For the majority of my life Valentine’s Day was nothing more than a reminder that I didn’t have a significant other to buy flowers and take out to dinner. I didn’t mind that much but it is nice to know I’ll never have to spend another Valentine’s Day alone.
Other than the reminder of my singleness, when I was in high school Valentine’s Day also meant the beginning of our sex series at youth group. All four years while I was in high school, February meant that instead of talking about Jesus and his parables we would talk about sex and its consequences.
Now that I’m a youth pastor I know the importance of talking about sex with our students. We don’t always have our sex series in February but it is coming up.
Talking about sex with students is vitally important. The choices students make when it comes to sex can have a tremendous impact on the rest of their lives. And, it’s my hope, that our students will follow God’s plan and intentions when it comes to sex.
When I was in high school the conversation really boiled down to being told not to have sex until marriage because God says so. I really like rules so being told that sex is for marriage worked for me. I was committed to not having sex until I married. It also wasn’t that difficult to wait because there wasn’t a long line of ladies waiting to make a man out of my Magic-playing self.

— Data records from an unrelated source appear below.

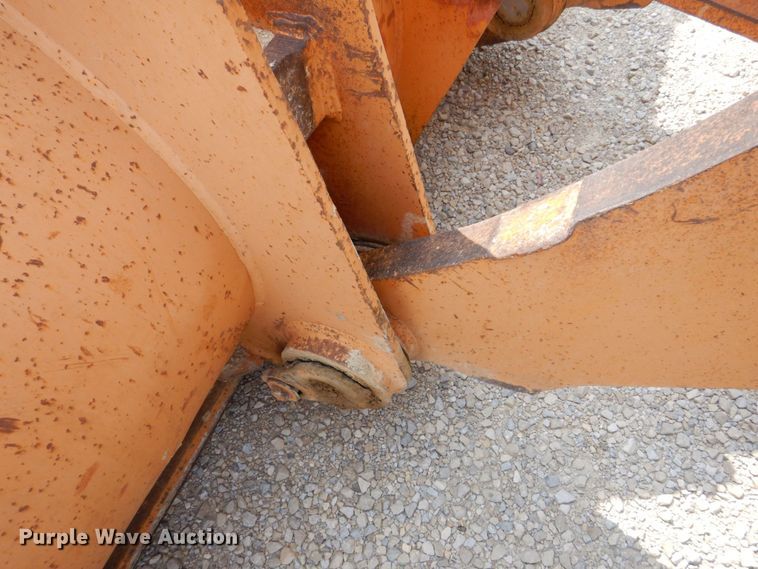 image for item DS8213 1995 Case 921  wheel loader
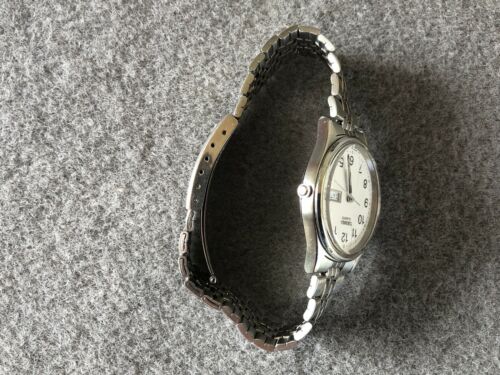 Seiko Quartz Vintage 7N43-8A39 Stainless Steel Military Style Dial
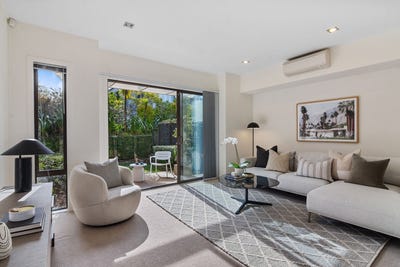 /international/nz/100-naples-way-albany-north-shore-city-380066116123/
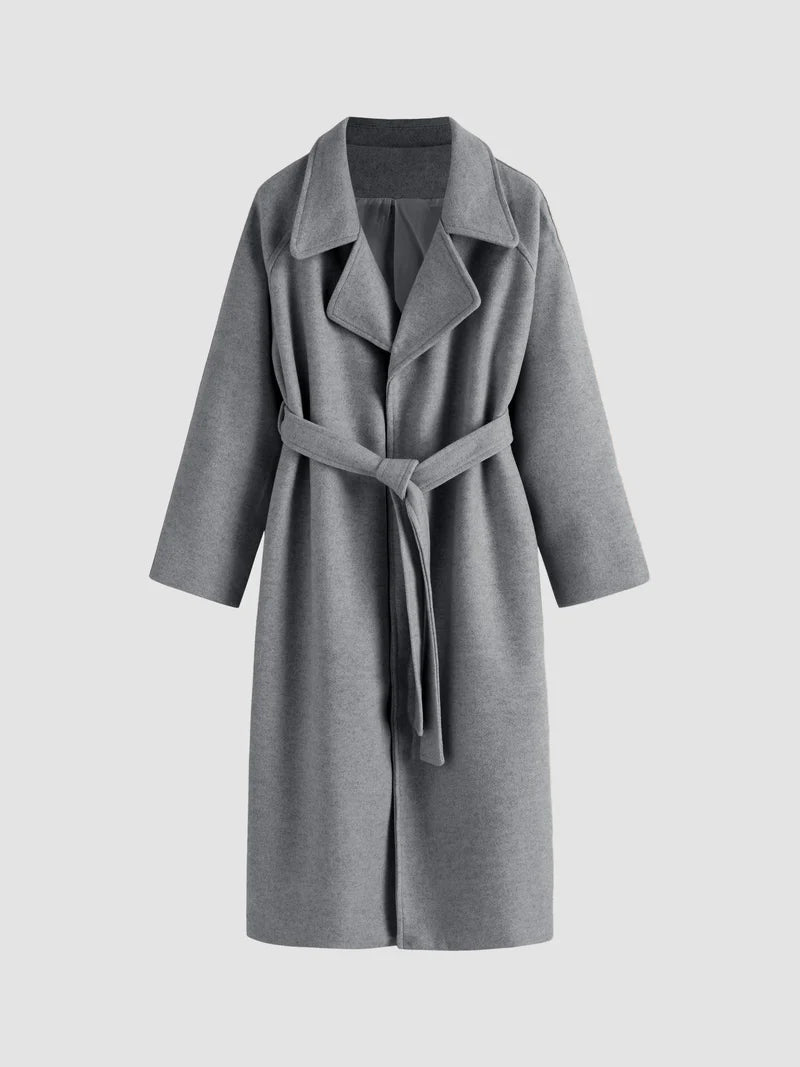 Cappotto lungo avvolgente da donna con cintura e vestibilità comoda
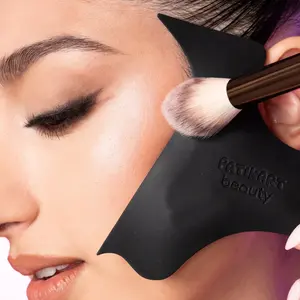All-in-One Makeup Helper. This handy tool makes it easy to apply contour, eyeshadow, blush, and more. Perfect for creative looks or everyday makeup. It helps keep your eyeshadow in place and prevents fallout for a clean, smooth finish its #ONOtool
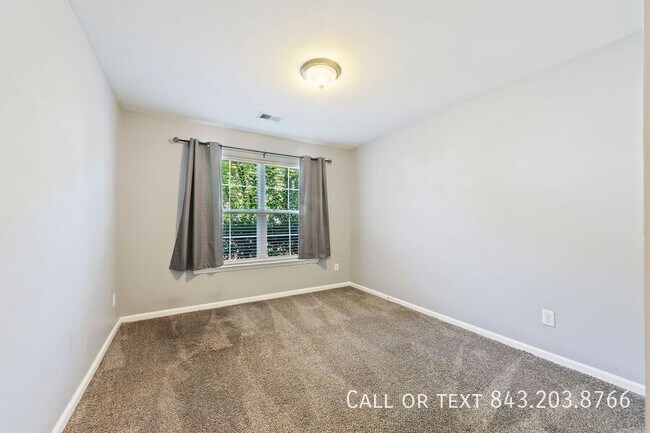 Building Photo - 341 Drayton Pl Dr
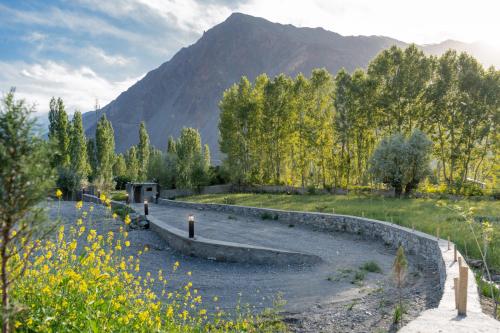 Coyote Den Ishkoman Hotel and Travelers Hostel in Gupis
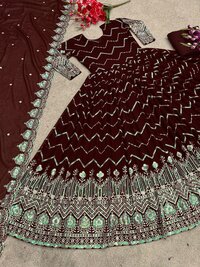 Women New Designer Party Wear Look Gown
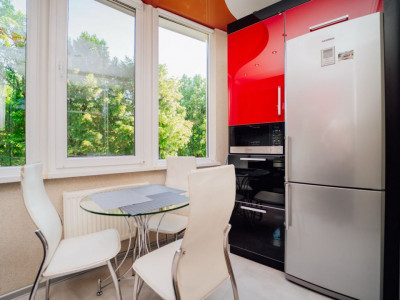De închiriat apartament cu 2 camere+loc de parcare, bloc nou, str. Vl. Korolenko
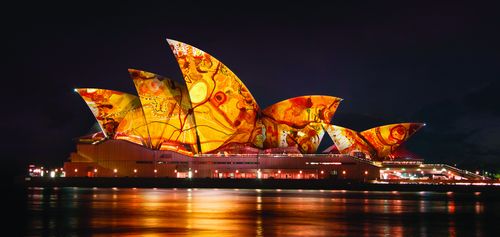 آثار پر جنب و جوش هنرمند استرالیایی، جان اولسن، در خانه اپرای سیدنی برای روشنایی بادبان ها: زندگی زنده شده (2023) زنده خواهند شد که ادای احترامی به بیش از 60 سال فعالیت درخشان اوست.
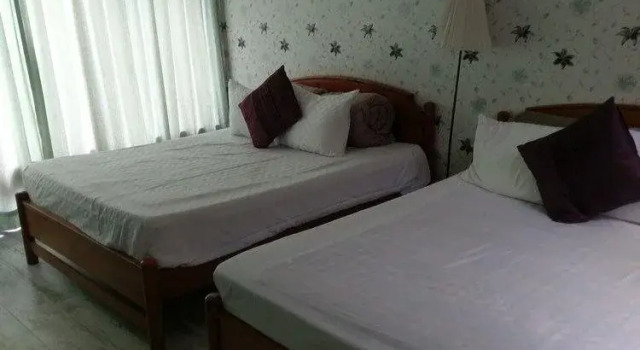 Roll Inn Eco-village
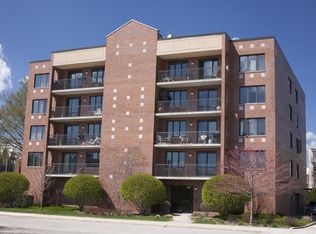 6340 Capulina Ave #2B, Morton Grove, IL 60053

Looking at our students today, though, simply telling them not to have sex before they’re married isn’t that effective. It wasn’t that effective with a lot of my friends and I know students today need more than that.
Sex as God intended it is an amazing part of life. It takes a larger vision of sex and marriage to understand that. Even now that I’m married, I still find it important to hold onto that larger vision of sex and marriage. And, for our students, it’s important to communicate that vision clearly.
Sometimes I wish our students were all content to play Magic and watch Star Trek instead of pursuing romantic relationships. I wasn’t content with those things but they were forced upon me and I turned out all right.
The reality is, though, we all need to continually think about God’s design and intention for sex and marriage. Because whatever state of life in which we find ourselves, having a larger, God-centered vision of sex will help us better live the lives to which we’re called.
What helps you maintain a larger, God-centered vision of sex and marriage?